Content Type: Gaming Reviews
Date: June 28, 2021
Colony Sims are interesting in that they tend to straddle the line between RTS, puzzle game, and The Sims. I’ve been playing Colony games since SimAnt — which might be the first (ant) Colony Sim — and I’ve always appreciated that you can enjoy them from a few different angles. Sometimes it’s fun to maximize production, growing your colony ruthlessly and efficiently, but other times it’s nice to zoom in on your creation and just watch the little people (or ants) do their thing.
There has been a trend in recent years for some Colony Sims to lean into mechanics and difficulty, to the detriment of what I like to think of as the ant-colony effect: how satisfying a game is to look at. So I was pleasantly surprised when I set my settlers to building a rudimentary shelter in Going Medieval, and their frenetic hammering materialized wooden walls in a way that was straight up fun to watch. It’s a subtle thing, good building animations, and developer Foxy Voxel has nailed it in their Black Death era Colony Builder.
The magic lies in the bare-minimum models used for pretty much everything in Going Medieval. Villagers don’t really have faces, but instead of being creepy like you’d think, it works. Trees, grass, stacks of linen, they all have just enough detail for you to easily determine what each object is, and no more. When combined with the aesthetically pleasing building animations, the result is a game that you can simply sit back and watch when the mood strikes you.

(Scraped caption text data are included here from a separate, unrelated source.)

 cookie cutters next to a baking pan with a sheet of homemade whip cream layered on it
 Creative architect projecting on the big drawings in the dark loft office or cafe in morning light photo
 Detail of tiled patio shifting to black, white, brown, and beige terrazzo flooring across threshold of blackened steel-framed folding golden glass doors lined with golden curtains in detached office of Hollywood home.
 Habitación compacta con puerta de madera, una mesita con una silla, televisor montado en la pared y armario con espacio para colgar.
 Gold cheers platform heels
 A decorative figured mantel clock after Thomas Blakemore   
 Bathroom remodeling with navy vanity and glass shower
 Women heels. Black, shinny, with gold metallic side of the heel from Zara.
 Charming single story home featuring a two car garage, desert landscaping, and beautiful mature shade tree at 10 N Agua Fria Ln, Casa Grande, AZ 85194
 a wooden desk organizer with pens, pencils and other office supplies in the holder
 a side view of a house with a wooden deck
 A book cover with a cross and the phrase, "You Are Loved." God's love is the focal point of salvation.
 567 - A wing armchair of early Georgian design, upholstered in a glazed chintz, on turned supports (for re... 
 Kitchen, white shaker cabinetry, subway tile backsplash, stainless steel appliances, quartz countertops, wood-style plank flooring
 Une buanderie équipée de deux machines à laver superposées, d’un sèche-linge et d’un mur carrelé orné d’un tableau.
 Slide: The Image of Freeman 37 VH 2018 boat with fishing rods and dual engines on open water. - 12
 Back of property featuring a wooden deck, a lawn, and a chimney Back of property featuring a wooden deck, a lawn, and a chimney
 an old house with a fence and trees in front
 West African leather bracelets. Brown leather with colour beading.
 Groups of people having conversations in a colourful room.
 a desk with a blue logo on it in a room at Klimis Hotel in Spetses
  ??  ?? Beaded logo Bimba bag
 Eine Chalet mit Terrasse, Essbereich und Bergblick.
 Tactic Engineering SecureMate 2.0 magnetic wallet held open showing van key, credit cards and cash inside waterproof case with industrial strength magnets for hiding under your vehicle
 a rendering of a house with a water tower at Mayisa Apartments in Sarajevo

Which is a good thing, because once you’ve gotten the preliminary work of setting up your settlement out of the way, you’ll be doing a lot of watching. Going Medieval is still very much in early access, and while the foundations of an excellent game are in place, there isn’t much to do once you’ve spent a couple hours getting things set up. You can always build more/bigger buildings, but keeping your settlers warm, safe, and fed isn’t very challenging once you’ve learned how to do it.
If all you want is Medieval Legos, then what’s here is already more than worth the cost of admission. Players who have dumped hundreds of hours into similar titles will likely find plenty to do here, as many of the key systems are already in place. Building a castle in Going Medieval is time consuming and satisfying, and could easily occupy you for hours on end.
However, if you’re more like me, where you spend a bleary-eyed weekend doing nothing but playing a Colony Sim game — and then don’t pick it up again for a year — you may want to wait for future updates. The current Roadmap includes a huge list of upcoming features, including raiding other settlements, map factions, a prisoner system, and “grand objectives”. If you play it and drop it now, it looks like you’ll miss out on a whole host of cool new features that are yet to be implemented.